In [3]:
import pandas as pd
from langdetect import detect
import string
import data_collector
import parser
from nltk.corpus import stopwords
from nltk.tokenize import word_tokenize
from nltk.stem import PorterStemmer
from nltk.stem import WordNetLemmatizer
from collections import defaultdict
import pickle
import math
import numpy as np
import heapq
import re
import functions

# 1. Data Collection

## Get the list of the books
We already have the list of books in the pc, so we won't do it again.

Set to `True` both dirs, bests and links parameters to create the correct directories and download the txt containing all the html links.

In [2]:
data_collector.download_books(dirs=False, bests=False, links=False)

## 1.1 Crawl books
We already have all the htmls in the pc, so we won't do it again.

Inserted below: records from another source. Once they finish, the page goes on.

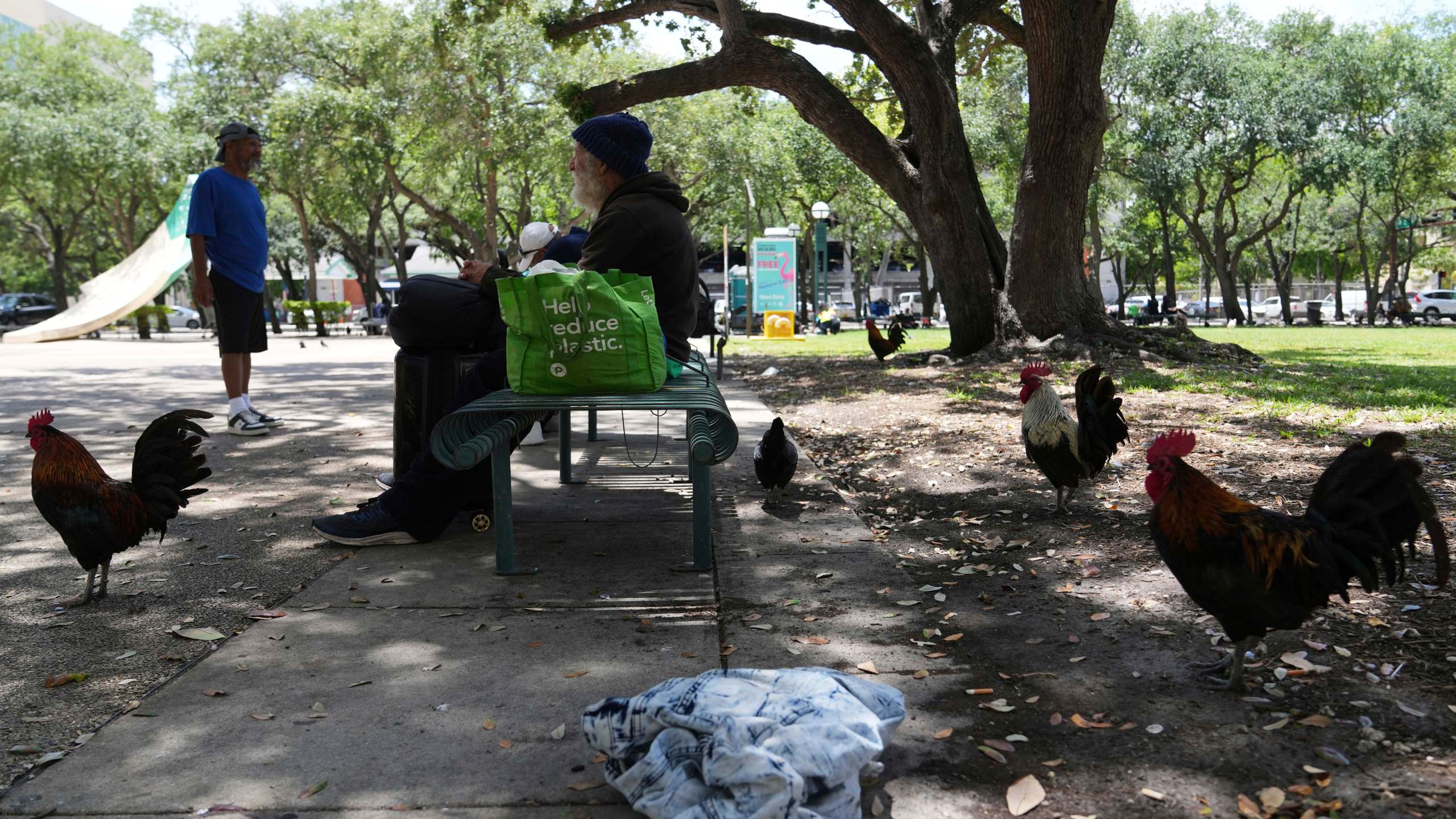 Roosters walk in a park outside of the Stephen P. Clark Government Center in downtown Miami, Wednesday, May 7, 2025, in Miami. (AP Photo/Lynne Sladky)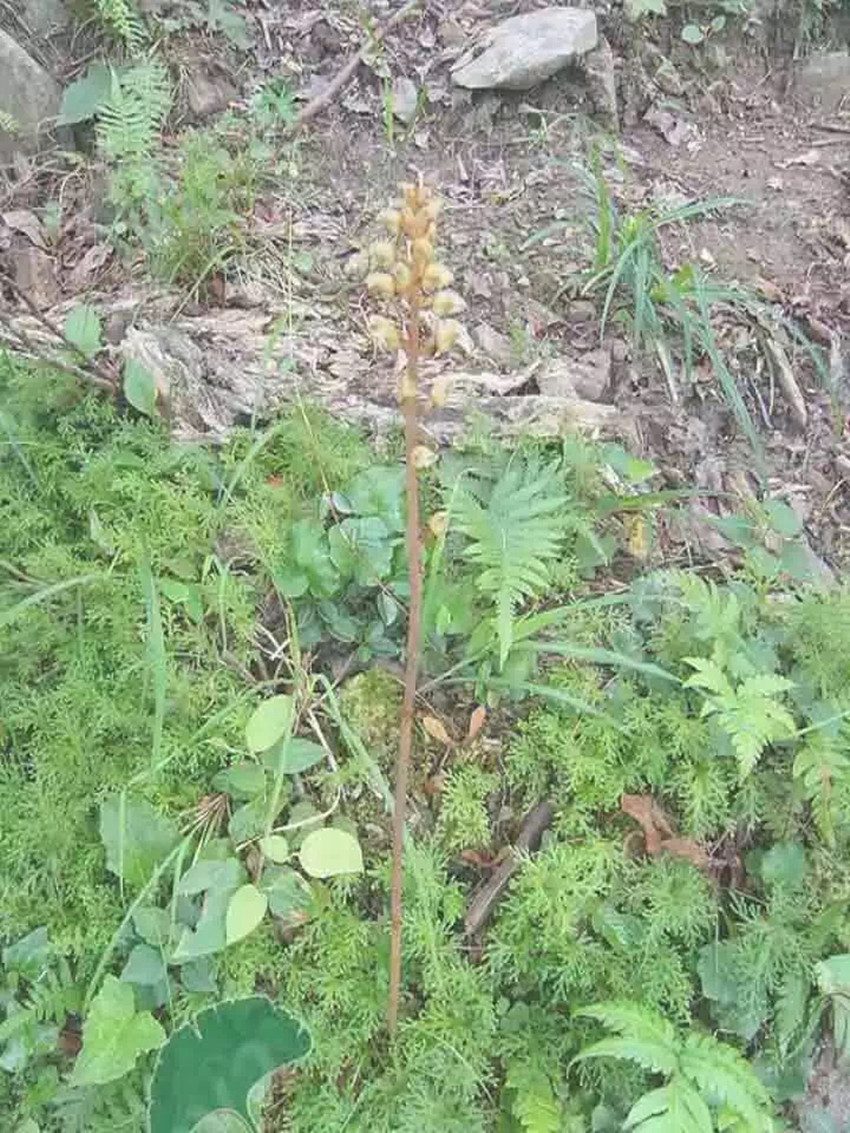 产地直销天麻 云南野生天麻营养滋补品 跑江湖地摊展会火爆产品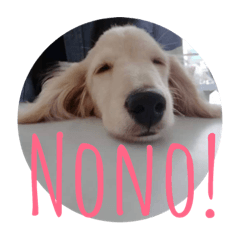 [LINEスタンプ] NoNo dachshund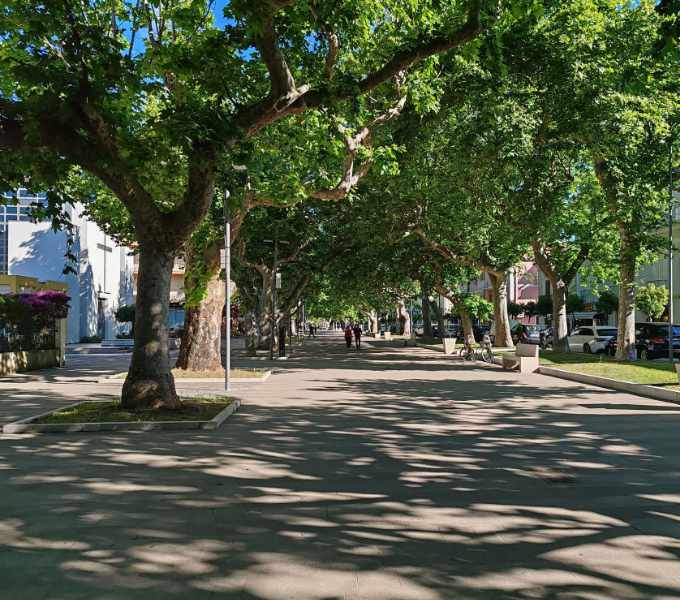 Viale della Lilbertà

Set to `True` both the books and fails parameters to download all the html pages and remove the ones with broken pages.

In [3]:
data_collector.download_books(books=False, fails=False)

## 1.2 Parse downloaded pages
Set to `True` the create parameter to parse the downloaded html pages and create the tsv file.

In [4]:
parser.create_tsv(create=False)

In [5]:
df = pd.read_csv('parsed_books.tsv', sep='\t')

In [6]:
df.shape

(29959, 12)

In [7]:
df.head()

Unnamed: 0,bookTitle,bookSeries,bookAuthors,ratingValue,ratingCount,reviewCount,Plot,numberOfPages,PublishingDate,Characters,Setting,Url
0,The Hunger Games,The Hunger Games #1,Suzanne Collins,4.33,6408798.0,172554.0,"Could you survive on your own in the wild, wit...",374.0,September 14th 2008,Katniss Everdeen Peeta Mellark Cato (Hunger Ga...,"District 12, Panem Capitol, Panem Panem",https://www.goodreads.com/book/show/2767052-th...
1,Harry Potter and the Order of the Phoenix,Harry Potter #5,J.K. Rowling,4.5,2525157.0,42734.0,There is a door at the end of a silent corrido...,870.0,September 2004,Sirius Black Draco Malfoy Ron Weasley Petunia ...,Hogwarts School of Witchcraft and Wizardry Lon...,https://www.goodreads.com/book/show/2.Harry_Po...
2,To Kill a Mockingbird,To Kill a Mockingbird,Harper Lee,4.28,4527405.0,91802.0,The unforgettable novel of a childhood in a sl...,324.0,May 23rd 2006,Scout Finch Atticus Finch Jem Finch Arthur Rad...,"Maycomb, Alabama",https://www.goodreads.com/book/show/2657.To_Ki...
3,Pride and Prejudice,,Jane Austen,4.26,3017830.0,67811.0,Alternate cover edition of ISBN 9780679783268S...,279.0,October 10th 2000,Mr. Bennet Mrs. Bennet Jane Bennet Elizabeth B...,"United Kingdom Derbyshire, England England Her...",https://www.goodreads.com/book/show/1885.Pride...
4,Twilight,The Twilight Saga #1,Stephenie Meyer,3.6,4989910.0,104912.0,About three things I was absolutely positive.F...,501.0,September 6th 2006,Edward Cullen Jacob Black Laurent Renee Bella ...,"Forks, Washington Phoenix, Arizona Washington ...",https://www.goodreads.com/book/show/41865.Twil...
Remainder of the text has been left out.